#### [TASK PROMPT]
Please produce an exact copy of only the lines from the one with "Tasty grilled mackerel" through the last one of the material, without pictures.

#### [THE DATA]
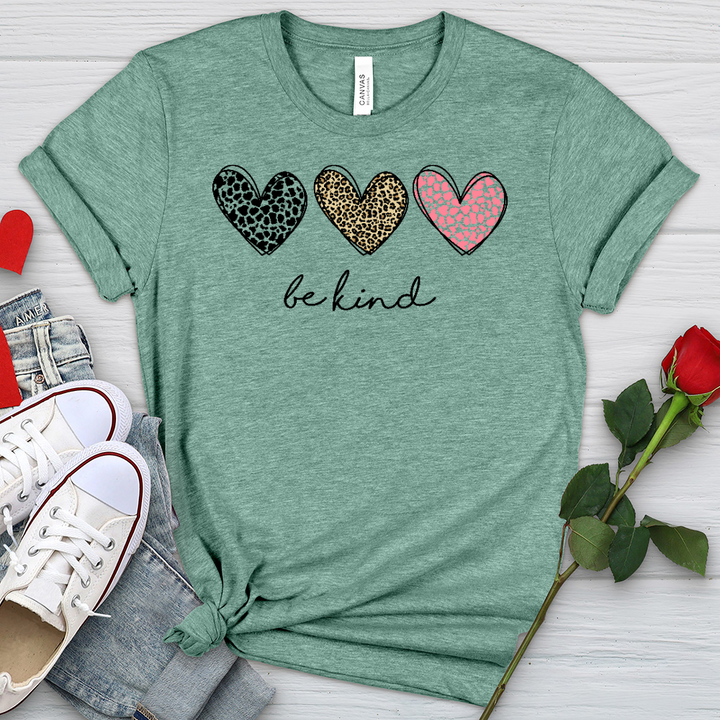 Be Kind Heart Patterns Heathered Tee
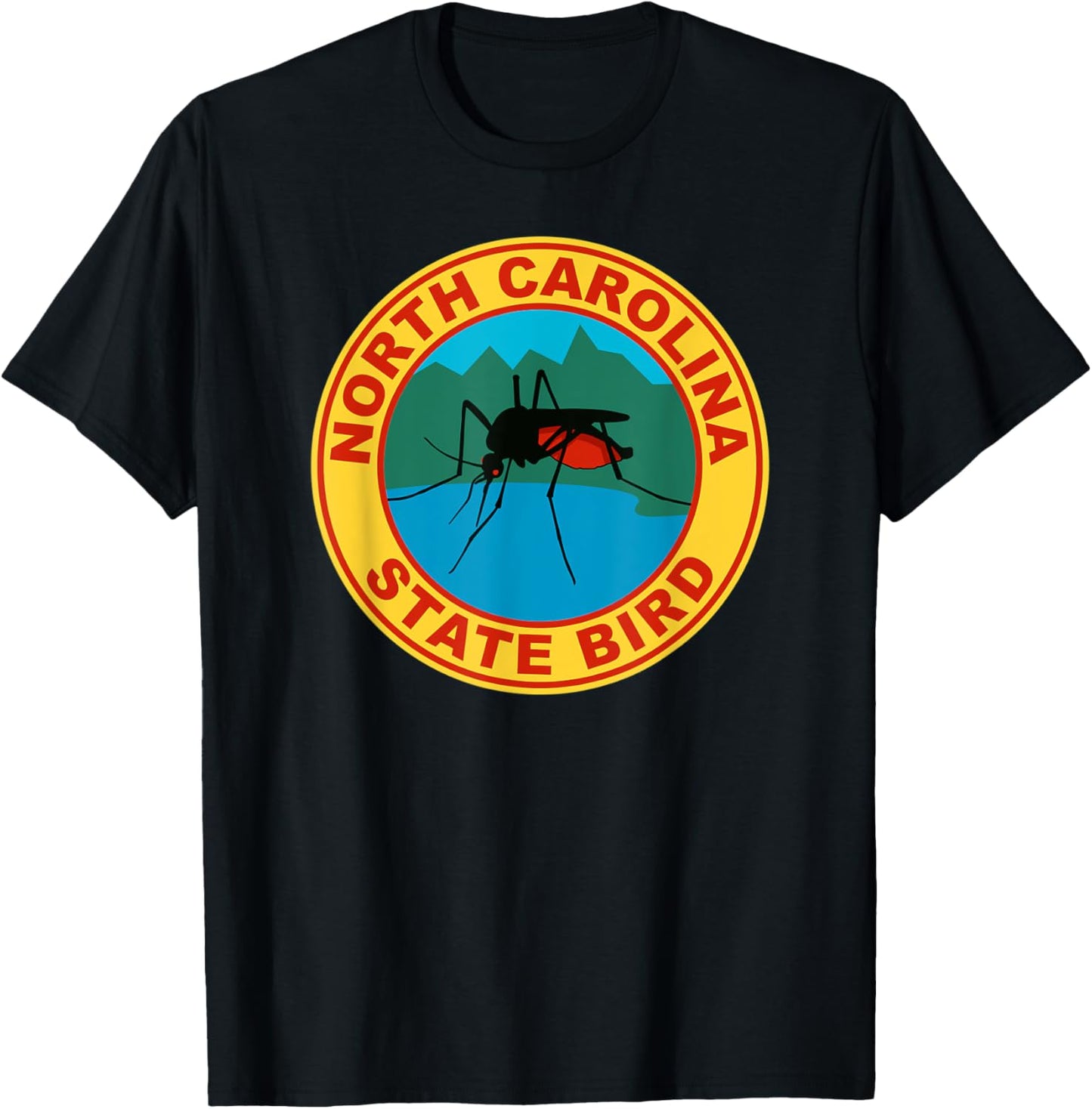 Funny North Carolina Mosquito State Bird T-Shirt - T-Shirt | Black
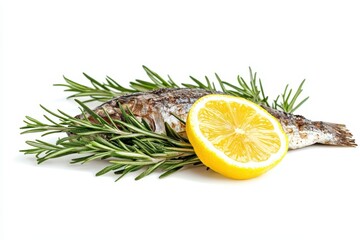 Tasty grilled mackerel with rosemary and lemon on a white background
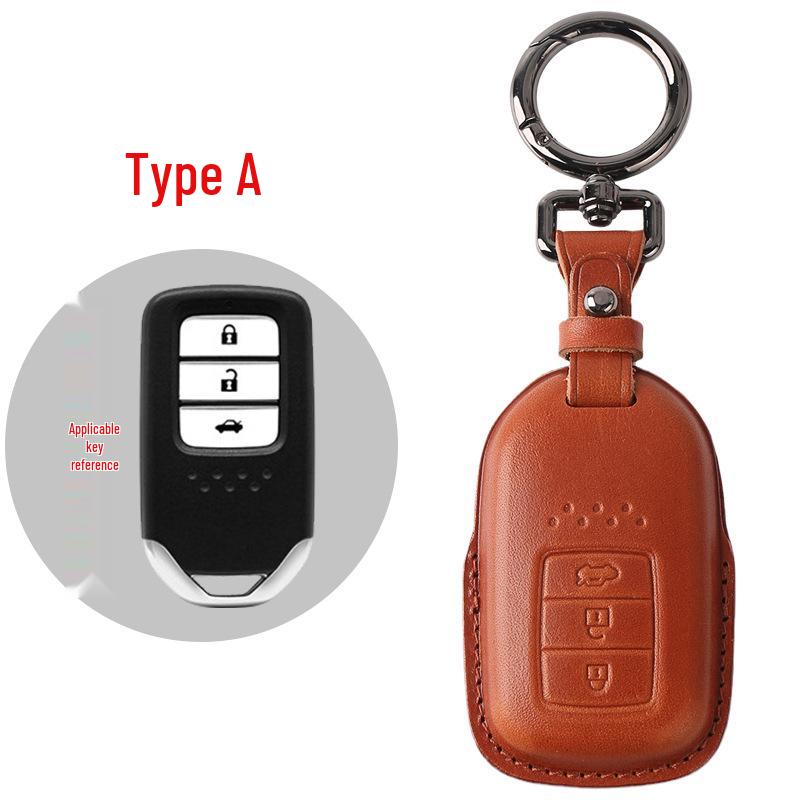 Genuine Leather Key Case for Honda Civic 11th Gen, Accord, Lingpai, Crown Road, CRV - Handmade Cowhide Key Bag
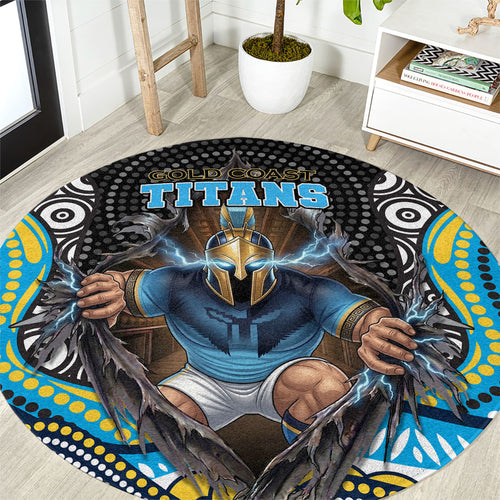 Gold Coast Titans Round Carpet The Scream of Lightning Eyes - Indigenous Dot Ripping Effect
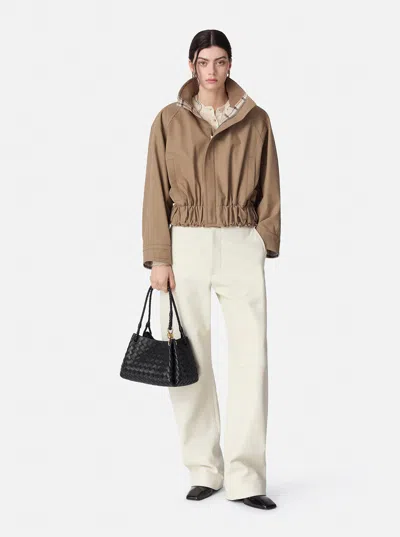 Bottega Veneta Women Parachute Leather Bag With Intrecciato Motif In Black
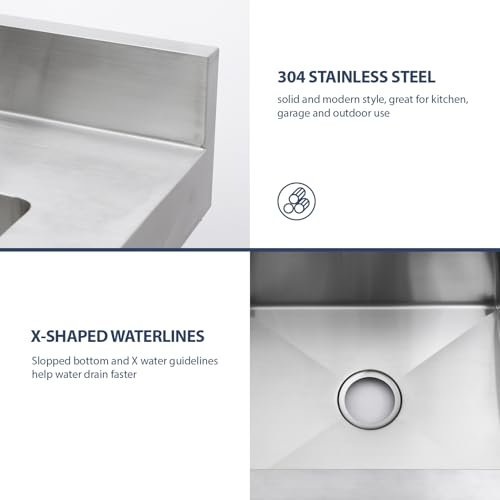 Lordear Stainless Steel Utility Sink 24 Inch Single Bowl Freestanding O589484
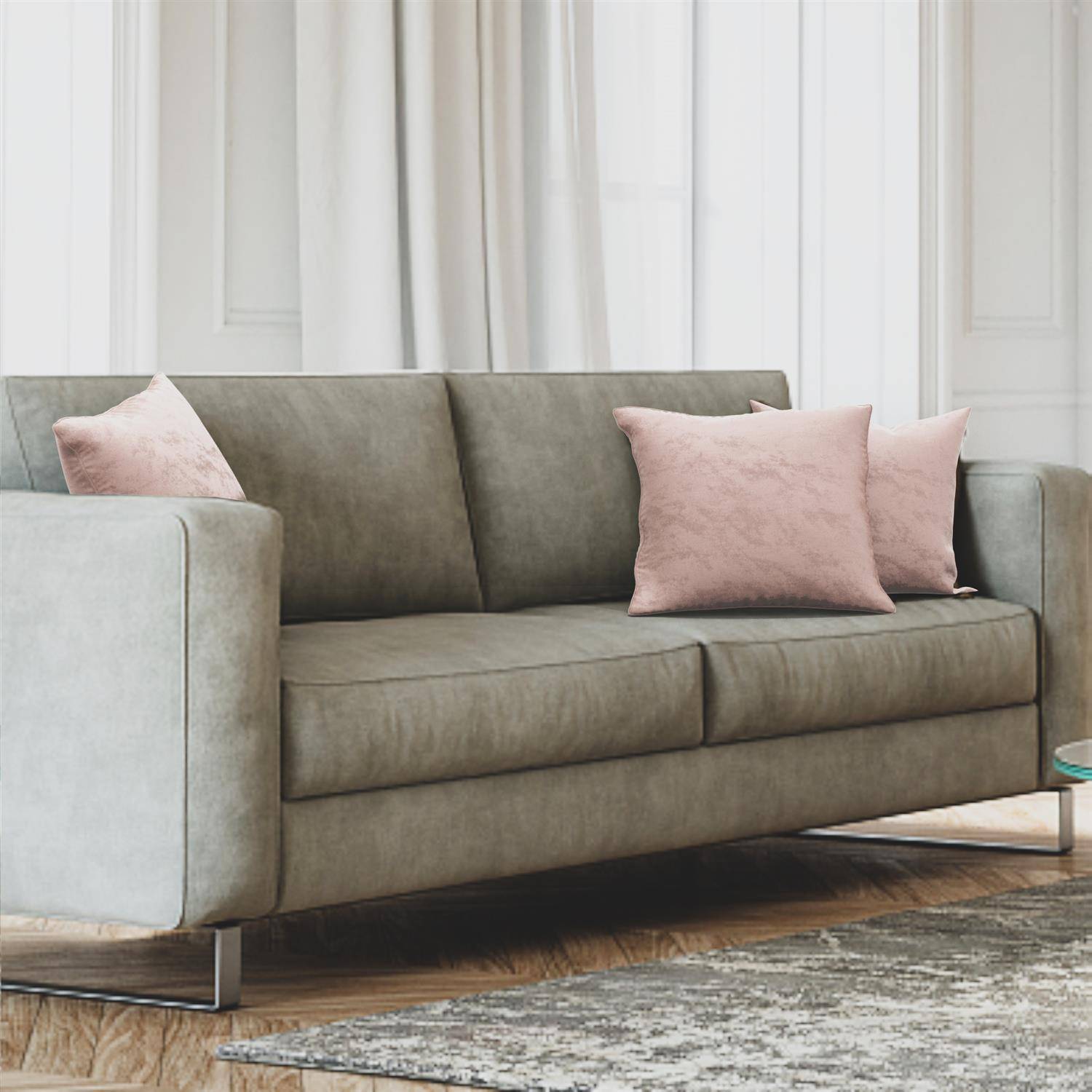 Intirilife 2x dekorative Kissenbezüge aus Samt 40x40 cm in Rosa - Für Wohnzimmer Schlafzimmer Sofa Bett Büro Cafeteria oder Wartezimmer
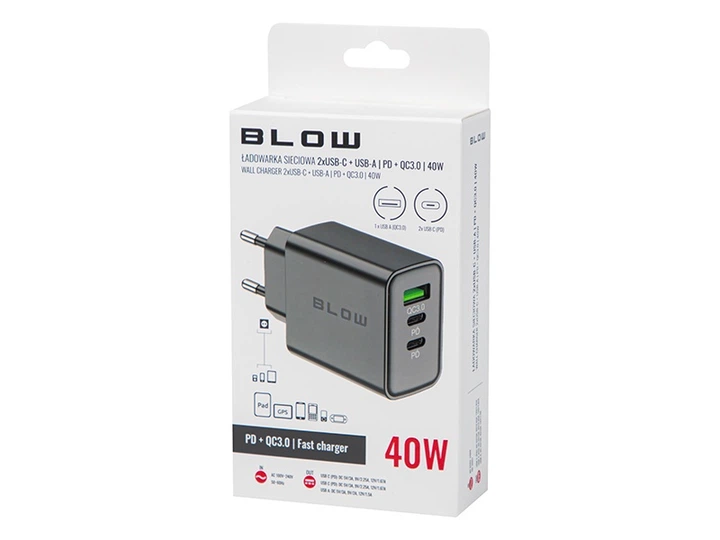 Ładowarka sieciowa Blow 76-025 gniazdo USB - Cx2 QC + PD 40W Czarna (5900804140931) - obraz 4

#### [RESULT OF THE EXERCISE]
 Tasty grilled mackerel with rosemary and lemon on a white background
 Genuine Leather Key Case for Honda Civic 11th Gen, Accord, Lingpai, Crown Road, CRV - Handmade Cowhide Key Bag
 Gold Coast Titans Round Carpet The Scream of Lightning Eyes - Indigenous Dot Ripping Effect
 Bottega Veneta Women Parachute Leather Bag With Intrecciato Motif In Black
 Lordear Stainless Steel Utility Sink 24 Inch Single Bowl Freestanding O589484
 Intirilife 2x dekorative Kissenbezüge aus Samt 40x40 cm in Rosa - Für Wohnzimmer Schlafzimmer Sofa Bett Büro Cafeteria oder Wartezimmer
 Ładowarka sieciowa Blow 76-025 gniazdo USB - Cx2 QC + PD 40W Czarna (5900804140931) - obraz 4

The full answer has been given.